In a recent interview with the Sunday Nation over the fast-approaching referendum, he quipped, “In the next few days, we will work hard to make sure that those opposing it over one or two little things change their minds and support us.” The statement seems innocuous enough—for now, I hold back on commenting at length about how genuine concerns are reduced to “little things” except to note that it is a political strategy.

The phrasing seemed familiar. And so I checked.

At a National Prayer Breakfast held on June 1, 2008, Kibaki remarked on the post-election violence: “What happened was because of our little mistake but every time something comes, it goes.”

Even now, I wonder about the singular “little mistake”: was it encouraging ethnic polarization? Corrupting an election process so badly that an investigative commission declared there was no way to determine who actually won? Was it remaining stubbornly silent and uncompromising as Kenya burned and as we hacked away at each other?

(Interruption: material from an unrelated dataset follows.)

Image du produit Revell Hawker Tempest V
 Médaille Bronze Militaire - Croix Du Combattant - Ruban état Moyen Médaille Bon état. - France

Was it assuming the presidency in circumstances that can only be described as shady?

What exactly was the “little mistake”?

By using the word “little,” Kibaki belittles legitimate political concerns, effaces pain and suffering, erases the many who died needlessly, and urges us to normalize injustice.

“[E]very time something comes, it goes.”

This statement can only be made by someone who stands by the side watching the traffic of history, someone incredibly disengaged and detached.

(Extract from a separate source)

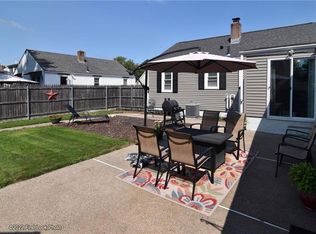 39 Gloria St, Pawtucket, RI 02861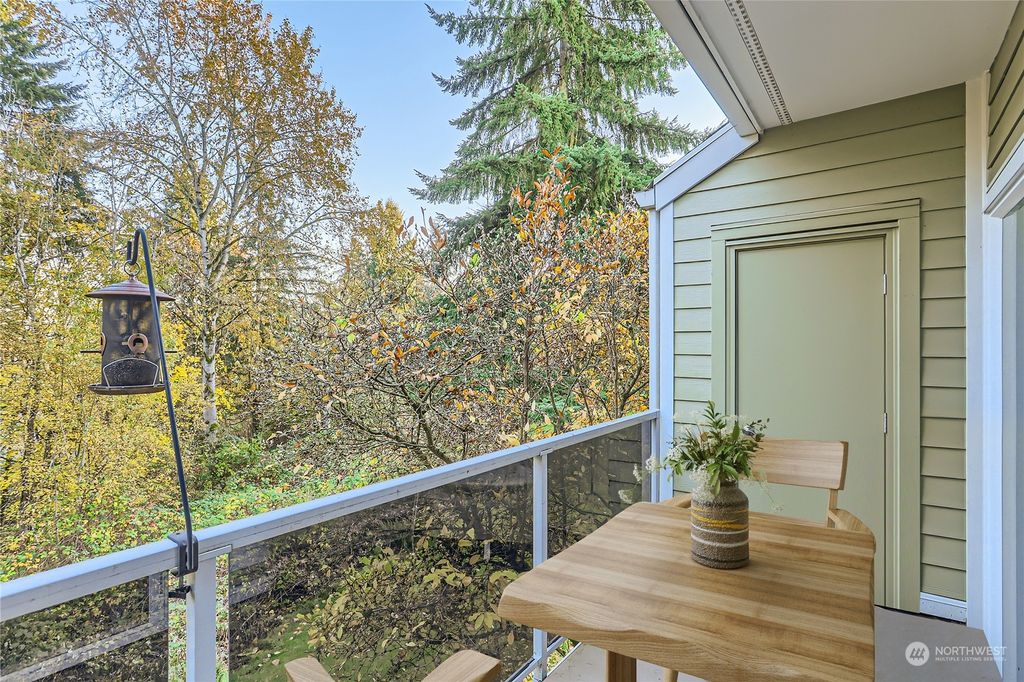 Photo of 7122 156th Place NE, Redmond, WA 98052 (MLS # 2180104)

Let us be clear here: I am not indulging in Kibaki bashing. That is easy to do, and the stakes are much too low.

I am troubled by the recurrence of the troubling adjective “little,” which evidences a dangerous, irresponsible, fundamentally un-democratic approach to the world. (I am in English. We believe that much hinges on small words.)

A recent article by Martin Kimani on the meaning of work in Rwanda,where “work” was understood not as a euphemism but as the accurate description for acts of genocidal murder, helps to frame Kibaki’s statements and approach.

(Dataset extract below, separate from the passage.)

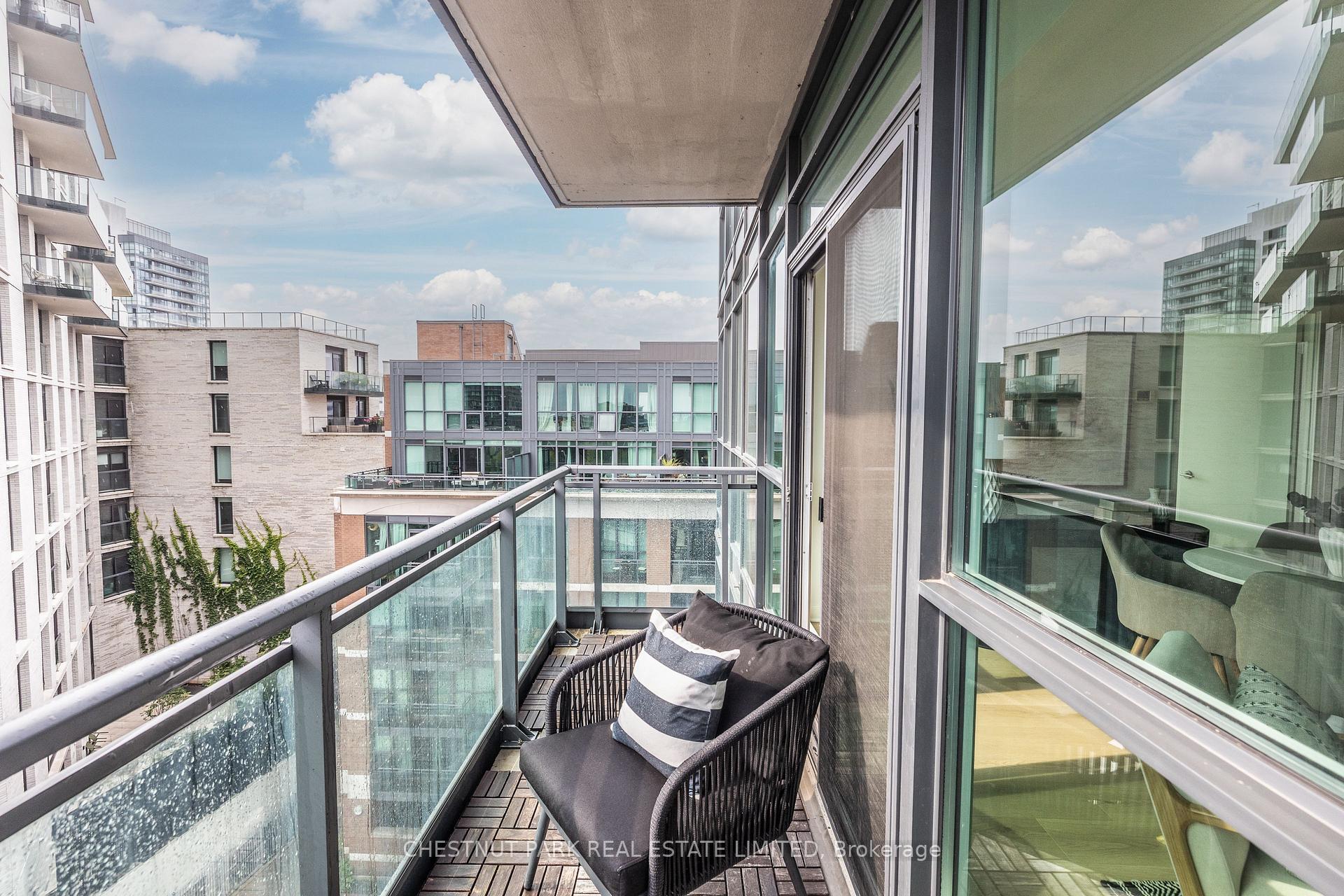 Photo 17 of Unit 802, 1171 Queen Street W, Toronto, Little Portugal — HOMEH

When Kibaki speaks of “working hard to make sure” that those opposed “change . . . minds,” I wonder about the kind of work involved. Granted, I am on the far side of speculation. But, despite the glowing hagiography written by an increasingly irrelevant Makau Mutua bolstered by the fawning idiocy of the Sunday Nation interview, Kibaki was in power during Moi’s excesses.

He was complicit and is culpable.

And his efforts to claim he stood apart and watched “things” go strikes me as remarkably disingenuous.

To take just one egregious example: he blames the post-election violence on the extraordinarily “long campaign.” In a remarkable moment of disclaiming any personal responsibility, he claims, “Long campaigns get personal, but shorter campaigns enable the electorate and candidates to engage in deeper and meaningful debate.”

Yes, lives were lost because the campaign period was too long.

There are many problems with Kibaki’s “little.” Let me mention two.

“Little” urges us to pay attention to big picture politics and claims that political dissent and critique is always tendentious, that details do not matter. In other writing, I have argued that this petty concern/big picture model is anti-intellectual and anti-democratic and has a long history in Kenya. Don’t sweat the details. Because, as Sefi Atta has it, everything good will come.

“Little” also demonstrates the contempt with which Kibaki views multi-party politics and political opposition. Granted, as John Githongo has argued, we have no opposition politics in Kenya. Our so-called coalition government is a motley collection of favor-trading, salary-raising opportunists.

So, perhaps Kibaki is right.

There are “little” differences because in “Nchi ya Kitu Kidogo” what counts above all is the little thing.